The travel advisory’s purpose was to limit the international spread of the deadly virus which had already taken hold in a number of countries, including Canada, as some may remember.
Bruntland also made news for doing one other thing. She slammed China for endangering global health by attempting to cover up the outbreak by arresting whistleblowers and censoring the media.
She had every right to be angry. The SARS virus had been discovered in China in November of 2002 but the WHO had only been allowed access to the area where it had been found in April of 2003.
Now contrast Bruntland’s stern measures, her anger, her demands for openness with the action of the current Director General Dr. Tedros Adhanom Ghebreyesus.
While Bruntland was fierce advocate for the world and an equally fierce critic of China, Tedros is a fierce critic of the world and an advocate for China.
“Stopping the spread of this virus both in China and globally is WHO’s highest priority,” said Dr Tedros. “We appreciate the seriousness with which China is taking this outbreak, especially the commitment from top leadership, and the transparency they have demonstrated, including sharing data and genetic sequence of the virus. WHO is working closely with the government on measures to understand the virus and limit transmission. WHO will keep working side-by-side with China and all other countries to protect health and keep people safe.”
Such effusive praise.
China, however, had not changed any of its old ways. It actively suppressed news of the outbreak in Hubei and was busily arresting people.

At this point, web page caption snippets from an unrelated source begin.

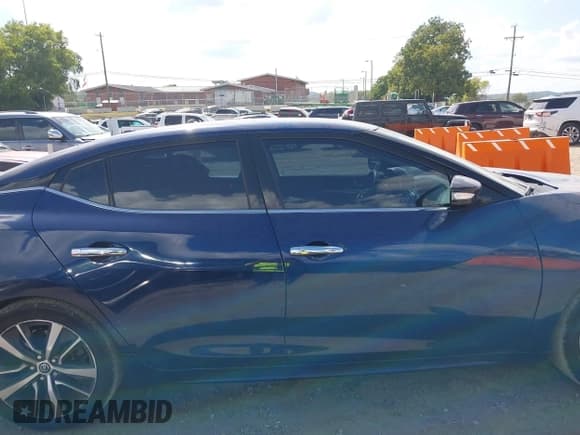 ✅ 2020 Nissan Maxima SV • VIN: 1N4AA6CV3LC381976 • Лот: 43040822. Опубликован ранее на IAAI с пробегом 52 156 миль. Бесплатный доступ к архиву аукционных продаж из США и подробный отчёт об истории автомобиля на DreamBid. Изображение 13.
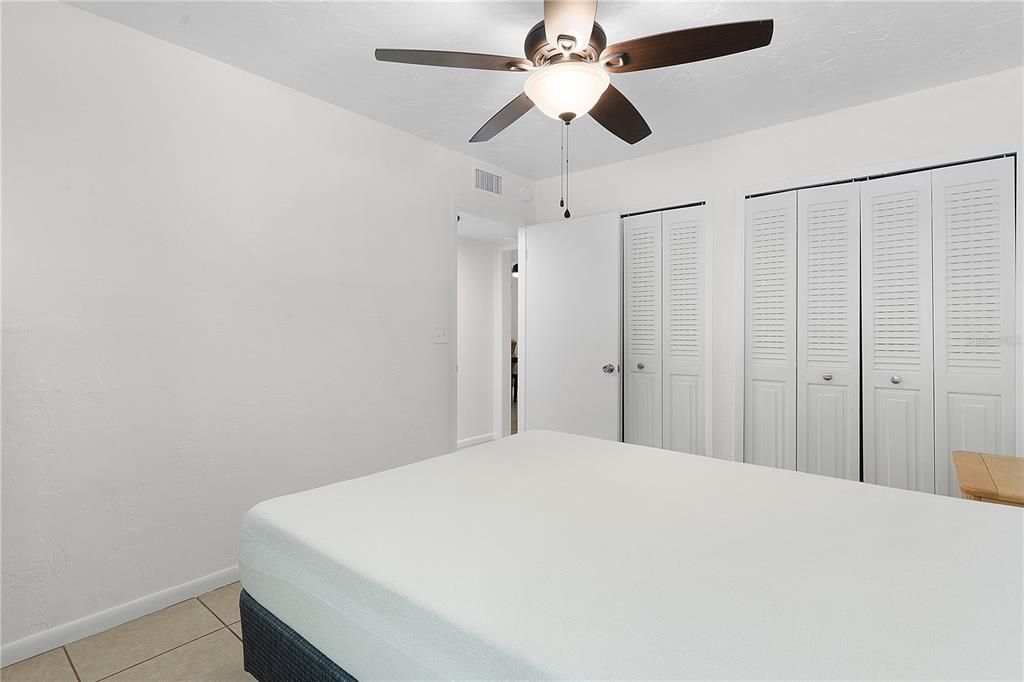 For Sale: $137,500 (2 beds, 2 baths, 1156 Square Feet)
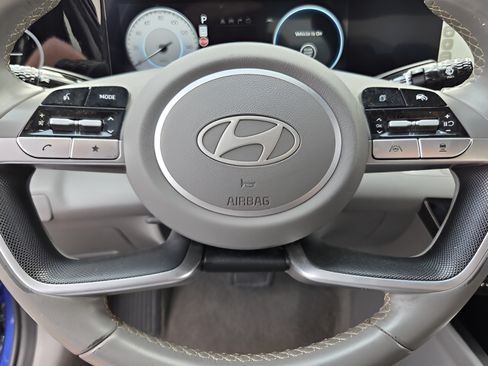 Used 2025 Hyundai Elantra SEL FWD image 24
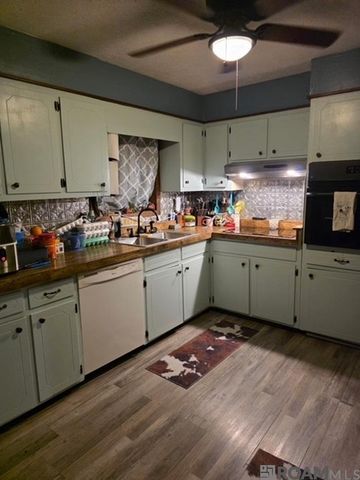 27270 Wagner Dr, Slaughter, LA 70777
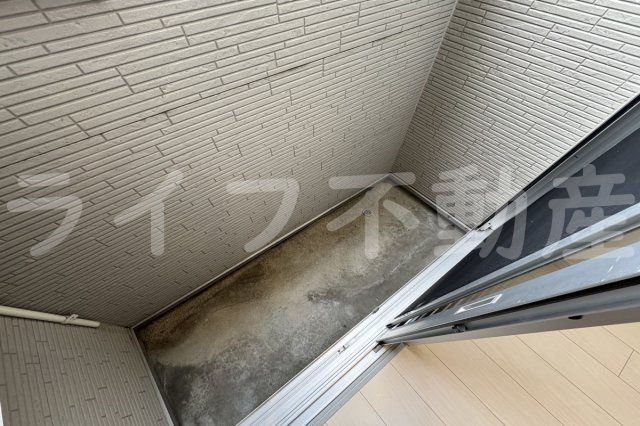 シーニュ金岡のバルコニー|外からの目が気にならないバルコニーで洗濯物が干せます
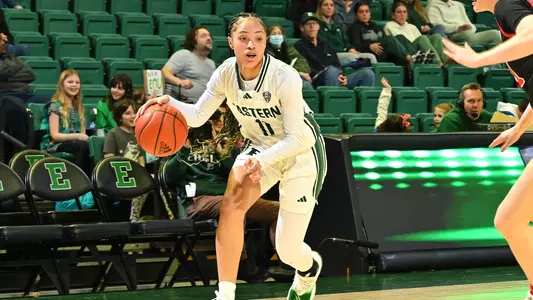 Lachelle Austin Driving to the rim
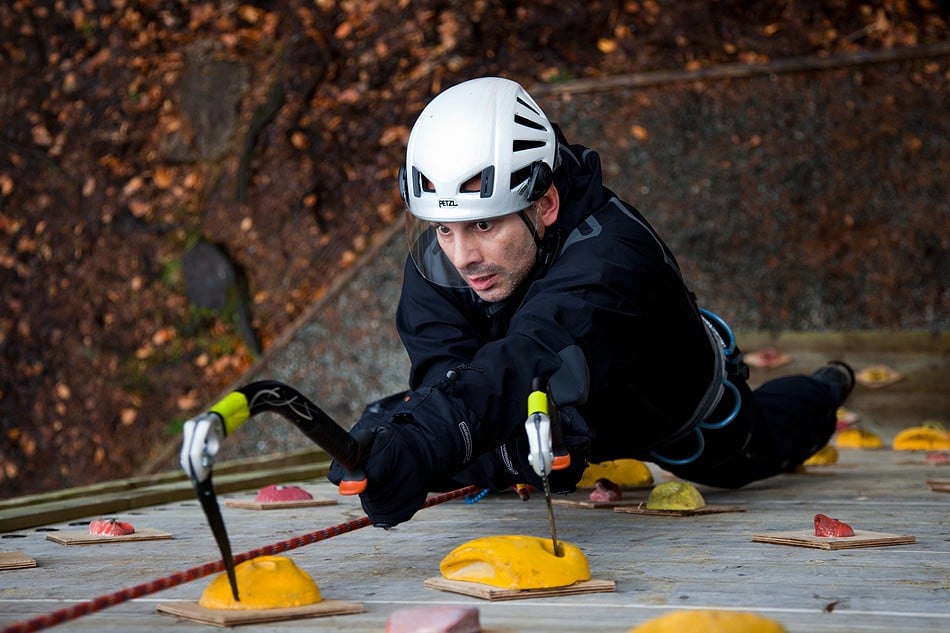 Drytool practice on the outdoor climbing tower at PyB  © Jack Geldard / UKC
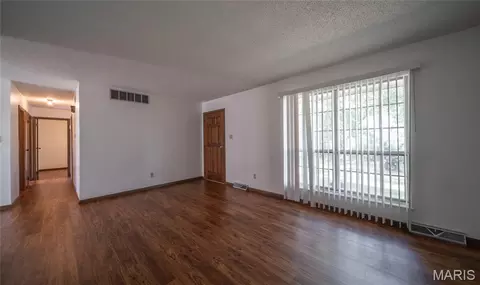 Living - 314 County Road 212, Linn, MO 65051 photo 2 of 4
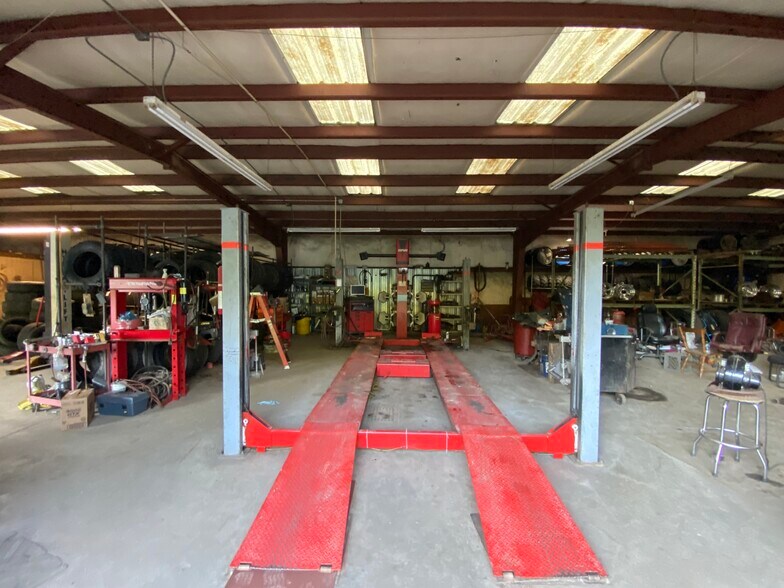 More Photos Of 23 Lana Ln, Burnsville Auto Repair For Sale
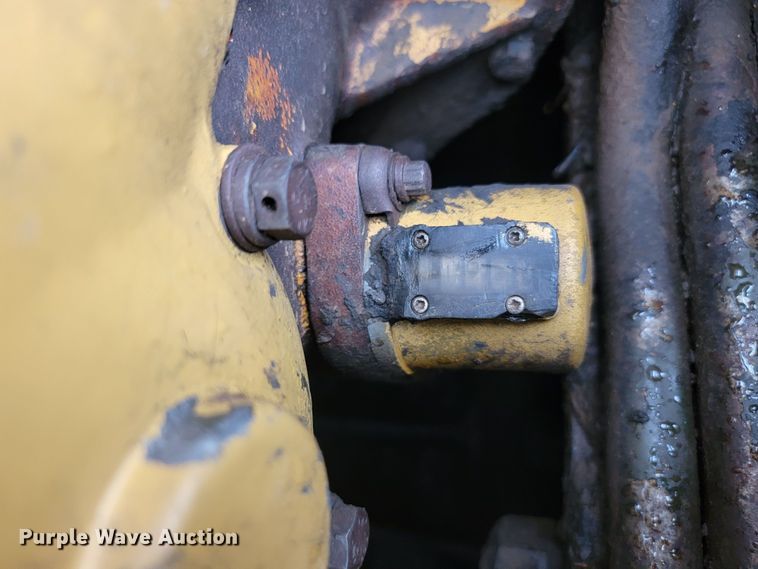 image for item ML9472 1968 Caterpillar D7E  dozer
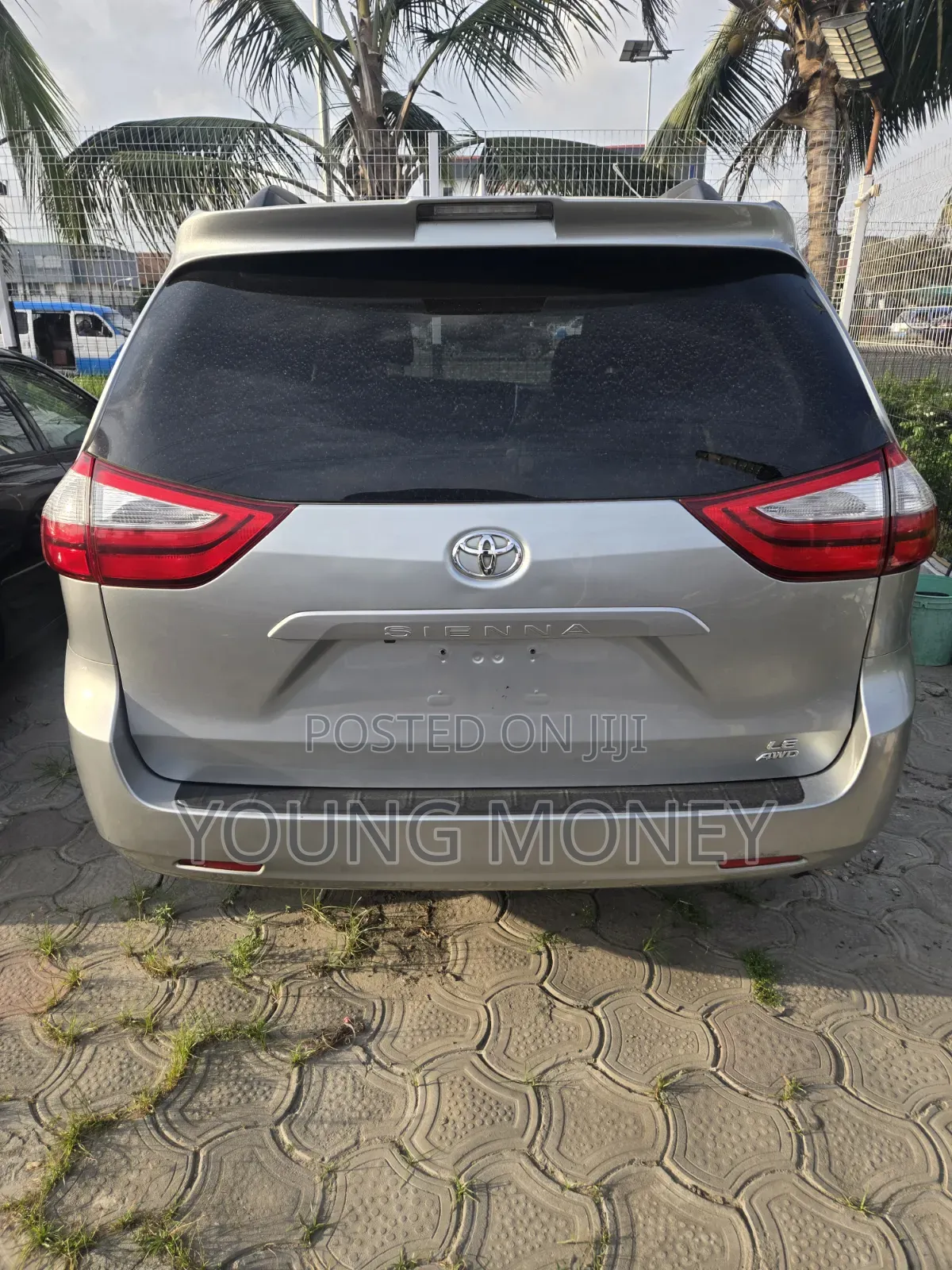 Toyota Sienna LE AWD 2019 Brown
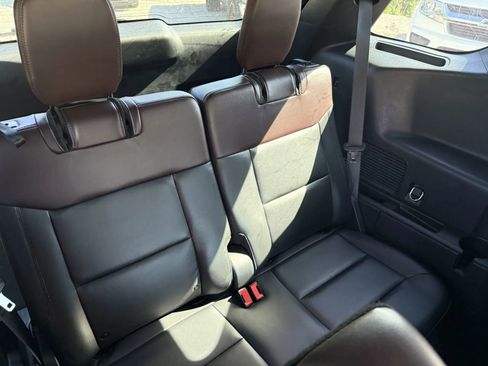Used 2023 Ford Explorer Platinum w/ Technology Package AWD/4WD image 12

Tedros went a step further and criticized other countries and called upon them to NOT limit travel to China, warning against the “recrimination or politicization” of the outbreak.
More, Tedros did not declare a public health emergency of international concern despite acknowledging it was an emergency within China, even though it had already spread to other countries.
All of this is important because health officials around the world take their cue from the WHO. If it does not advise travel restrictions, they will not advise travel restrictions.
I know, I know. It sounds bizarre, but that’s the state of modern science. No one thinks independently any more.
Given WHO’s critical importance in these matters, it might be a good idea to ask what changed between 2003 and 2020?
There is little question that Tedros is sympathetic to China. He embraces China’s one-China policy and allowed Taiwan to be blocked from participating in the world Health Assembly.
“I think the secretariat of the World Health Organization was not moved,” Taiwanese Foreign Minister Joseph Wu told reporters after the disinvitation. “We sent our good friends, especially our American friends, to speak with him to see why he doesn’t want to send letter to us. He said it’s because of China. Very clearly, he says, it’s China. China doesn’t allow him to send letter of invitation to us.”
Before Tedros, who is not a doctor by the way, became the DG of WHO he was the foreign minister of Ethiopia and while he held that post between 2012 and 2016, China invested $13.6 billion in that African country.
The Chinese also actively backed Tedros when he applied for the DG position.
China, of course, is keenly aware of what is at stake. It has been working for decades to extend its influence around the globe, to built political and economic partnerships to challenge America’s preeminent position.
That China’s influence now extends to the WHO comes as no great surprise. The international agency relies heavily on voluntary contributions of its members. China spends millions. Money has always bought influence.